* Task details
Please transcribe the entries exactly and omit the images they contain.

* Records to use

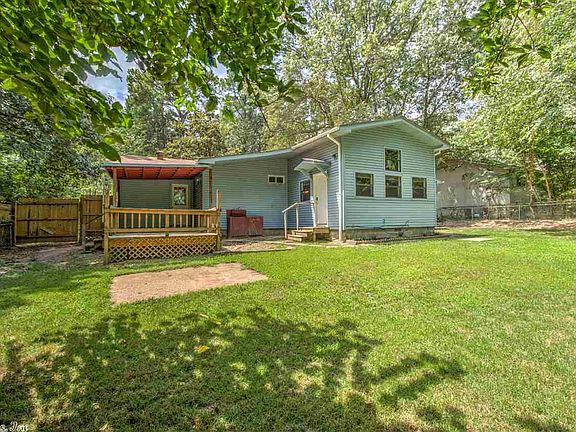 5th image of 230 Honeysuckle Cir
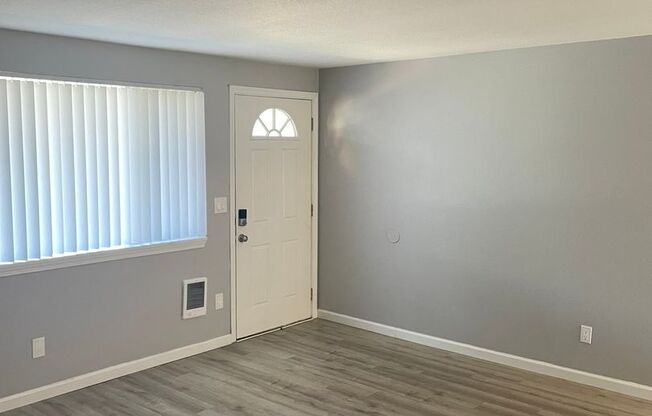 2 beds, 1 bath, 800 sqft, $1,350, Unit 431-01-19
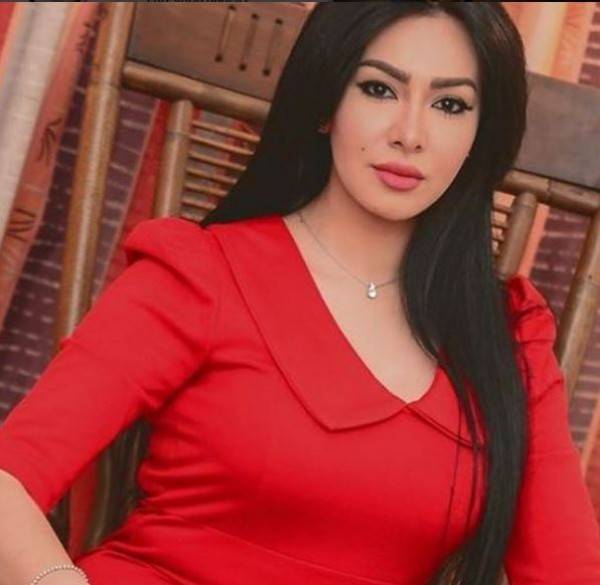 ملابس ميرهان حسين المكشوفة تدفعها للقيام بأمر غريب!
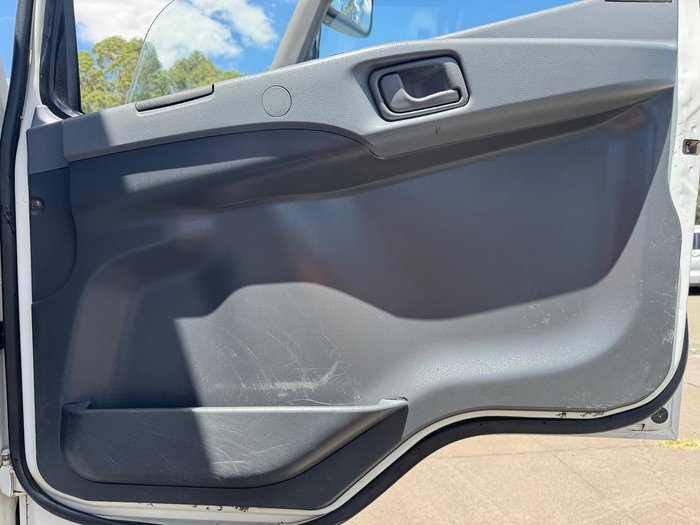 2013 Fuso Fighter 2427 WHITE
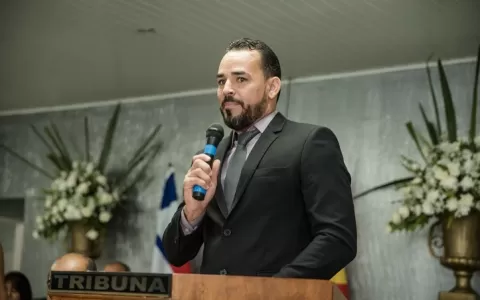 Vereador Clebinho de Silé faz denúncias na Tribuna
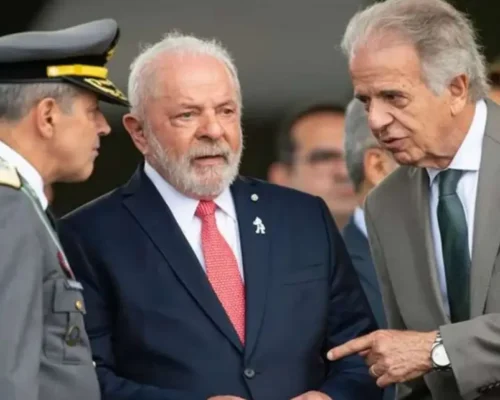 Exército Fora das Operações no Rio: Ministro Múcio Responde à Oposição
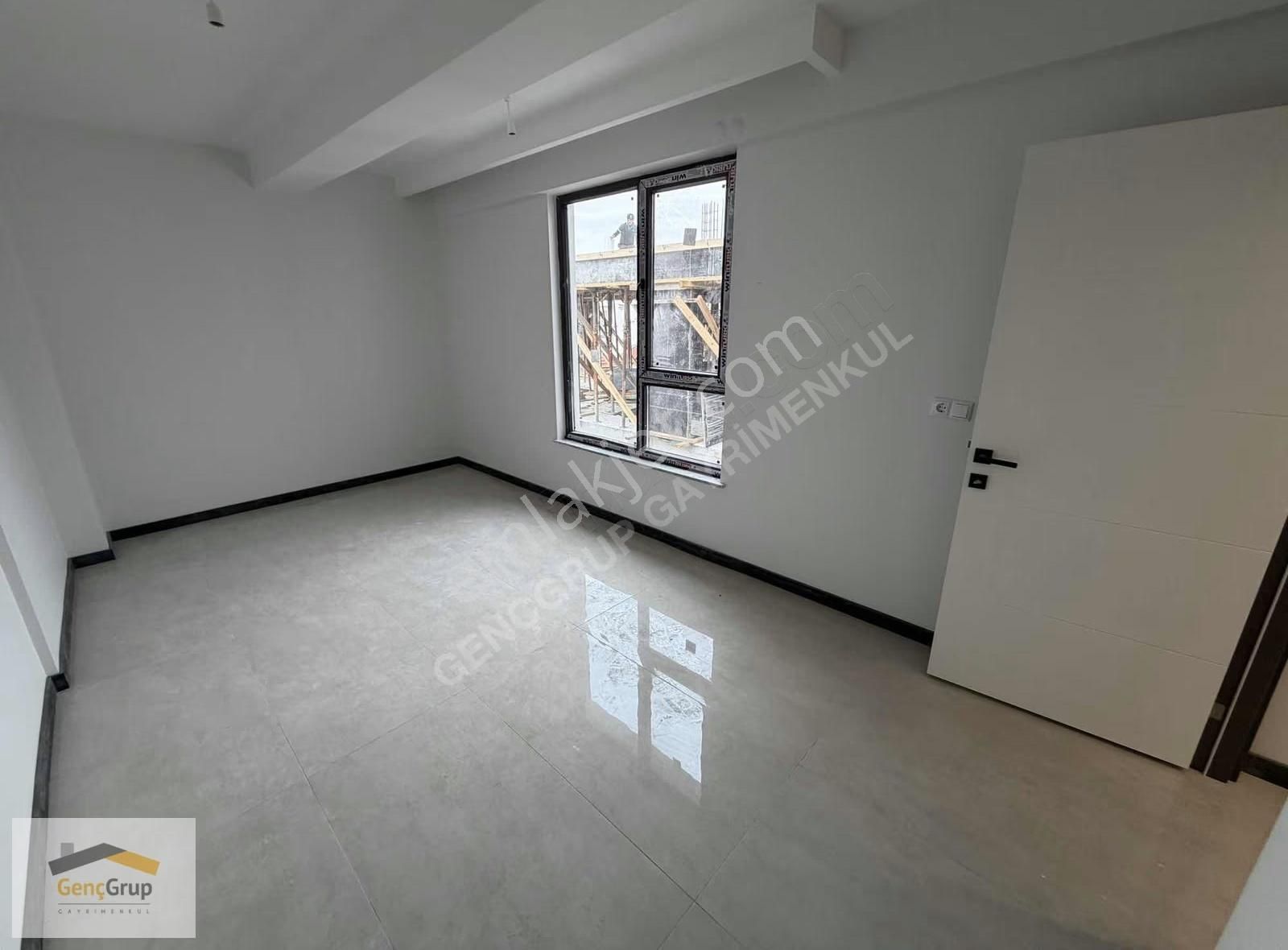 *genç Grup* Önü Açık Yeşile Manzaralı,çift Balkon'lu Geniş 2+1. - Görsel 5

* Solved exercise
 5th image of 230 Honeysuckle Cir
 2 beds, 1 bath, 800 sqft, $1,350, Unit 431-01-19
 ملابس ميرهان حسين المكشوفة تدفعها للقيام بأمر غريب!
 2013 Fuso Fighter 2427 WHITE
 Vereador Clebinho de Silé faz denúncias na Tribuna
 Exército Fora das Operações no Rio: Ministro Múcio Responde à Oposição
 *genç Grup* Önü Açık Yeşile Manzaralı,çift Balkon'lu Geniş 2+1. - Görsel 5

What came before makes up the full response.